ECLI:NL:HR:2012:BY5384
Hoge Raad
- Cassatie
- Rechtspraak.nl
Vernietiging van de beschikking inzake verlengingsverzoek partneralimentatie met verwijzing
In deze zaak heeft de Hoge Raad op 7 december 2012 uitspraak gedaan in een cassatieprocedure betreffende een verlengingsverzoek van partneralimentatie. De vrouw, verzoekster tot cassatie, had in april 2009 verzocht om verlenging van de alimentatieverplichting van de man, die eindigde op 1 mei 2009, met tien jaar. Dit verzoek was gebaseerd op een aanzienlijke daling van haar inkomen na het bereiken van de pensioengerechtigde leeftijd. De rechtbank had het verzoek afgewezen, maar het gerechtshof te 's-Gravenhage vernietigde deze beschikking en bepaalde dat de alimentatieverplichting van de man eindigde op 1 mei 2010, met een lagere alimentatie van € 670,-- per maand. De vrouw moest bovendien een bedrag van € 8.000,-- terugbetalen aan de man wegens teveel ontvangen alimentatie.
De Hoge Raad oordeelde dat de motivering van het hof om de alimentatieverplichting per 1 mei 2010 te beëindigen niet voldeed aan de hoge motiveringseisen die gelden voor dergelijke beslissingen. De Hoge Raad stelde vast dat de beëindiging van de alimentatie per 1 mei 2009 al ingrijpend was voor de vrouw, en dat het hof niet voldoende had onderbouwd waarom de beëindiging per 1 mei 2010 niet ook ingrijpend zou zijn. De Hoge Raad vernietigde daarom de beschikking van het hof en verwees de zaak naar het gerechtshof te Amsterdam voor verdere behandeling.

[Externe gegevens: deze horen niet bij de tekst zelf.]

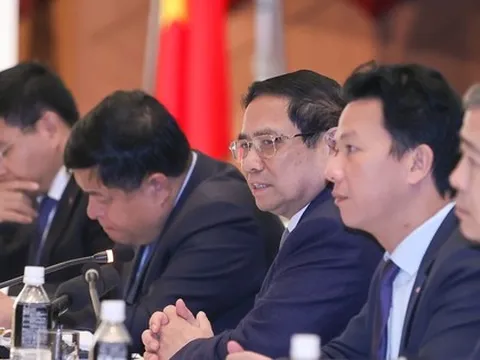 Thủ tướng tọa đàm với các tập đoàn hàng đầu Nhật Bản: Việt Nam là nơi an toàn trong cơn bão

De uitspraak benadrukt de noodzaak van zorgvuldige motivering bij beslissingen over alimentatie, vooral wanneer deze een aanzienlijke impact hebben op de alimentatiegerechtigde. De Hoge Raad bevestigde dat de omstandigheden van de vrouw, waaronder haar inkomensdaling en arbeidsongeschiktheid, zwaarwegend zijn in de beoordeling van de redelijkheid van de beëindiging van de alimentatieverplichting.